◆ Instructions to follow
Copy exactly and only the lines running from the one that contains "32' Oak Industrial" to the final line of the data below, without the pictures.

◆ Given information
______________________________
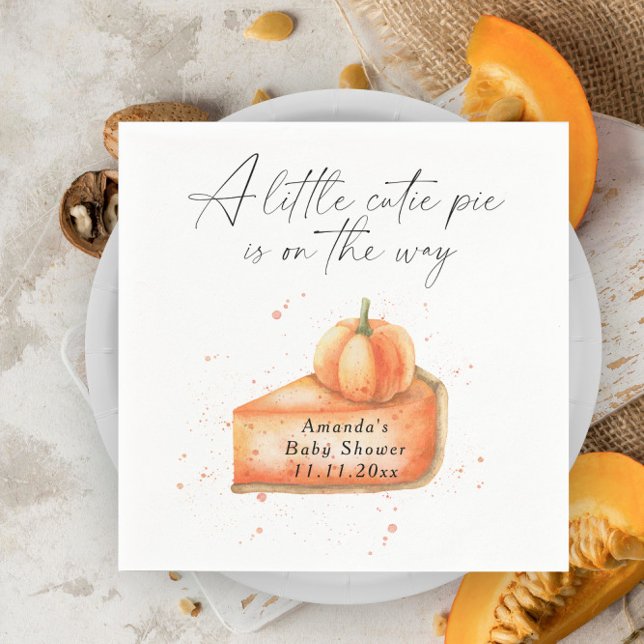 "A little cutie pie is on the way" baby shower Napkins (Creator Uploaded)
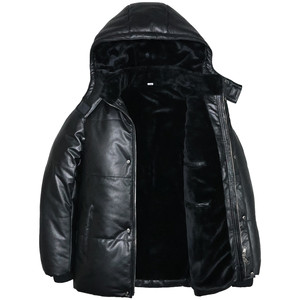 
Thickened plush first-layer cowhide leather jacket for men, slim-fit stand-up collar, removable hat, casual business cold-proof bread suit book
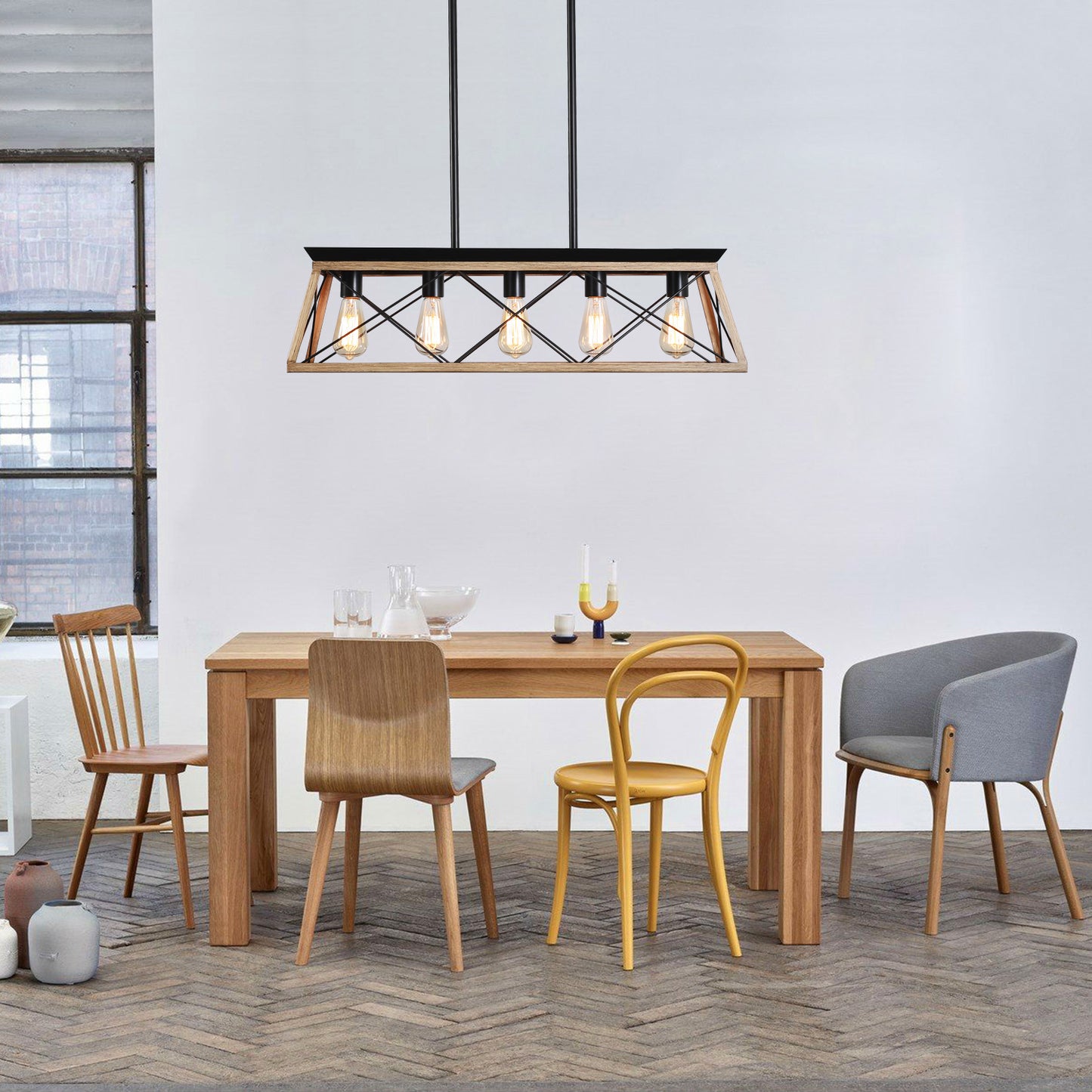32' Oak Industrial 5-Light Pendant Chandelier, Modern Metal Cage Design, Adjustable Hanging Light for Dining Room, Kitchen, Living Room (No Bulbs)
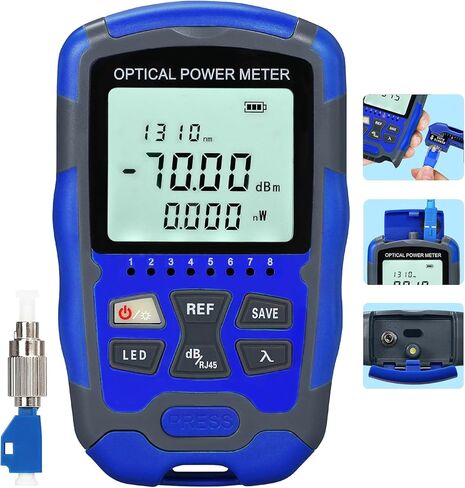 مقياس الطاقة الضوئية الأزرق A-M7 -70~+10dbm 3 في 1 جهاز اختبار شبكة RJ45 المدمج بإضاءة LED SC/FC/ST واجهة عالمية مع محول FC ذكر إلى LC أنثى اختبار الكابلات الضوئية مقياس الطاقة OPM in Kuwait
______________________________
◆ Answer space
32' Oak Industrial 5-Light Pendant Chandelier, Modern Metal Cage Design, Adjustable Hanging Light for Dining Room, Kitchen, Living Room (No Bulbs)
 مقياس الطاقة الضوئية الأزرق A-M7 -70~+10dbm 3 في 1 جهاز اختبار شبكة RJ45 المدمج بإضاءة LED SC/FC/ST واجهة عالمية مع محول FC ذكر إلى LC أنثى اختبار الكابلات الضوئية مقياس الطاقة OPM in Kuwait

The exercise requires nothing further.